>>>>>

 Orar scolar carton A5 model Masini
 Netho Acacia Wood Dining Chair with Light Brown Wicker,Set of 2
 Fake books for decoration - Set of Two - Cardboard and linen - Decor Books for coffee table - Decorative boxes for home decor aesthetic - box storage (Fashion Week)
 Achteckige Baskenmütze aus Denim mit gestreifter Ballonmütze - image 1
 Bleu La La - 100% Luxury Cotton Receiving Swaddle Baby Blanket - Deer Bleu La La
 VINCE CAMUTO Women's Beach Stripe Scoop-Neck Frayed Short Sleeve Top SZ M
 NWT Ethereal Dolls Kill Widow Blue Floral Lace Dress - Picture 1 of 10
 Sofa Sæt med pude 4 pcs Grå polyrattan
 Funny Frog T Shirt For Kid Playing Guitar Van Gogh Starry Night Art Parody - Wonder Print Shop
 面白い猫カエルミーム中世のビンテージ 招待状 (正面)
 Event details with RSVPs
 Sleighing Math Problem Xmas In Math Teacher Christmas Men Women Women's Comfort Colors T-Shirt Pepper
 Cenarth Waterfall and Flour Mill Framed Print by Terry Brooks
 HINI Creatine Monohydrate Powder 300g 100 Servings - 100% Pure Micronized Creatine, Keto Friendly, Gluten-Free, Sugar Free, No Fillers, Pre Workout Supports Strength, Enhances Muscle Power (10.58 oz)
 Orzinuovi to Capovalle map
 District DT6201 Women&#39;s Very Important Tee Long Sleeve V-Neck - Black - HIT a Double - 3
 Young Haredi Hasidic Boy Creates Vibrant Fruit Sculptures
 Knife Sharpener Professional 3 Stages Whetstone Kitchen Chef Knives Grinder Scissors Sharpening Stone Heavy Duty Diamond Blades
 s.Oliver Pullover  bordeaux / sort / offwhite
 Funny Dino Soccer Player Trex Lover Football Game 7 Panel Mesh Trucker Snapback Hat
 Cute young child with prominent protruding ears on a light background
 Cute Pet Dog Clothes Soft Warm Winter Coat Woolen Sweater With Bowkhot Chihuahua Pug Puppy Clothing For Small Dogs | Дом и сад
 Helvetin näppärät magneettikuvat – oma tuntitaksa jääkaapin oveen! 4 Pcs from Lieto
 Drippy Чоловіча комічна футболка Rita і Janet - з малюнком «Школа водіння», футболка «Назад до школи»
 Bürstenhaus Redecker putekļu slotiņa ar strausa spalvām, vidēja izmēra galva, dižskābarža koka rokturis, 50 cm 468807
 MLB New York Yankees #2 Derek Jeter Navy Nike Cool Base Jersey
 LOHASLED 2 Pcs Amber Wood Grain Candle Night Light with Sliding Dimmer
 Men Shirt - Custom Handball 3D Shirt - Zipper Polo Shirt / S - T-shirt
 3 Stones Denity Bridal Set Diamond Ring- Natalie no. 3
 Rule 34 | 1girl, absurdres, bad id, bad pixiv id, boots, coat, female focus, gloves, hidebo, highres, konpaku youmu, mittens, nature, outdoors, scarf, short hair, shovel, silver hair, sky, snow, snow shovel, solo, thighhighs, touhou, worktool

<<<<<

ACTION ITEM => Exactly the lines from the one containing "LOHASLED 2 Pcs" through the final line of the records above are needed, copied word for word.

SOLUTION BELOW =>
 LOHASLED 2 Pcs Amber Wood Grain Candle Night Light with Sliding Dimmer
 Men Shirt - Custom Handball 3D Shirt - Zipper Polo Shirt / S - T-shirt
 3 Stones Denity Bridal Set Diamond Ring- Natalie no. 3
 Rule 34 | 1girl, absurdres, bad id, bad pixiv id, boots, coat, female focus, gloves, hidebo, highres, konpaku youmu, mittens, nature, outdoors, scarf, short hair, shovel, silver hair, sky, snow, snow shovel, solo, thighhighs, touhou, worktool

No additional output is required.